Lady Fleming entledigte sich ihrer Aufgabe mit außerordentlichem Talent, und bald trat Maria Stuart, geschmückt als Königin, vor ihre Lords und mit der ihr eigentümlichen Grazie sprach sie nicht bloß jedem einzelnen von ihnen Dank aus für seine Anhänglichkeit und Treue, sondern zeichnete neben den vornehmeren auch manchen der geringeren Barone durch huldvolle Ansprache aus.

»Und wohin nun, meine Lords?« fragte sie. »Welche Route habt Ihr in Euren Beratungen festgestellt?«

»Nach Schloß Draphane,« antwortete Lord Arbroath, »sofern es Eure Majestät gut heißen. Von da nach Dumbarton. Dort werden Eure Majestät in völliger Sicherheit sein. Und wir, wir werden abwarten, ob die Verräter sich wirklich in offner Feldschlacht uns stellen werden.«

»Und wann brechen wir auf?«

»Nach dem Frühstück, sofern Eure Gnaden nicht zu sehr angegriffen sein sollten,« sagte Lord Seyton.
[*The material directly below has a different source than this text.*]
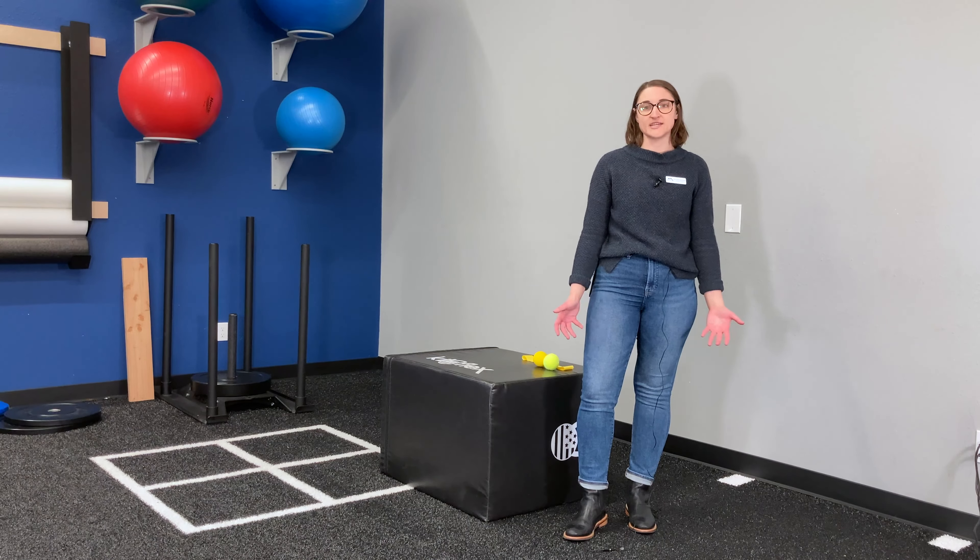Hi, my name is Katie. Today I'm going to talk you through some things that you can try if you're experiencing some shoulder pain.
»Eure Wünsche, Mylords, sind auch die meinigen,« antwortete die Königin; »Wir richten Unsre Reise ganz nach Eurer Weisheit ein und hoffen, künftighin durch Eure Weisheit Herrscherin zu sein in Unserm Lande. Doch werdet Ihr meinen Damen und mir, meine lieben Lords, gestatten mögen, in Eurer Gesellschaft unser Frühstück einzunehmen.. Wir müssen uns jetzt als halbe Krieger ansehen und höfisches Zeremoniell beiseite setzen.«

Manch behelmtes Haupt verneigte sich tief bei diesem huldreichen Erbieten.. da bemerkte Maria, daß unter den versammelten Führern Douglas sowohl als Roland Gräme fehlte, und sie flüsterte Katharina eine diesbezügliche Frage ins Ohr.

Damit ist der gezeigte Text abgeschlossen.